How Does an Echelle Spectograph Work & What Does It Do?
The use of plane gratings for high resolution spectrographs was started with the introduction of the Echelle spectrograph in the 1940's. Prior to this, concave grating were used in the 2nd or sometimes the 3rd order to obtain a high dispersion spectrograph. The Echelle spectrograph uses a plane grating at high angles of incidence and diffraction or essentially at very high orders to take advantage of the consequent high resolution and dispersion.
An Echelle spectrograph uses a grating with a large spacing and as the grating is used over a smaller range of angles it can be blazed with a well shaped groove to be more efficient throughout a very wide range of wavelengths.
To individually resolve all the wavelengths the Echelle spectrograph must use a second dispersion element of lower dispersion to be able to resolve the different free spectral ranges.

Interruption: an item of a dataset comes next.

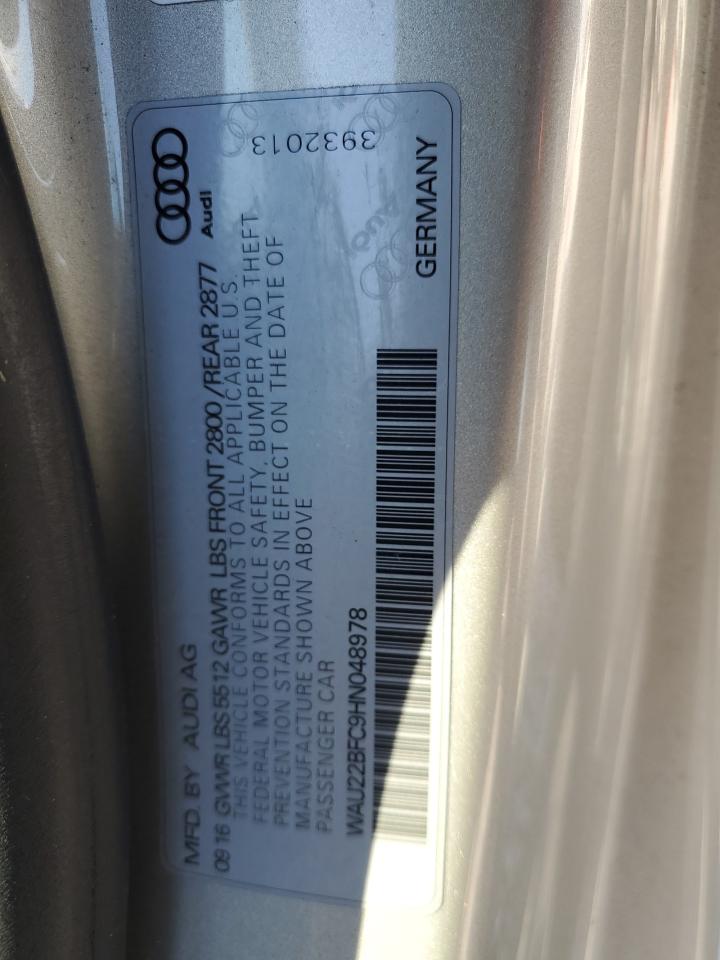 2017 Audi A7 Prestige VIN: WAU22BFC9HN048978 Lot: 91422535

Andor Mechelle Spectograph
In the Andor Mechelle spectrograph the second dispersion element is a patented compound prism as shown on the left. The Light from the entrance pinhole is collected and collimated by patented optics to ensure high efficiency collection and low crosstalk among the orders. The light is passes twice through a patented compound prism to provide vertical dispersion of the wavelengths of the free spectral ranges.The light then falls onto an Echelle grating which creates the high dispersion in the horizontal direction of the spectra necessary to achieve the appropriate resolution, The echellegram is then relayed by the focussing mirrors onto the imaging detector.
The patented compound prism allows the orders to be optimized for maximum wavelength coverage with the lowest cross talk.If you compare an echellegram using a simple prism you can see the low dispersion of the prism in the near infrared causes the orders to bunch up and overlap while the high dispersion of the prism in the UV causes the orders to be spread out very far.
Using the Andor patented compound prism the dispersion differences in different materials can be exploited to provide linear dispersion over the entire wavelength range and thereby achieve a much more efficient use of the detector camera.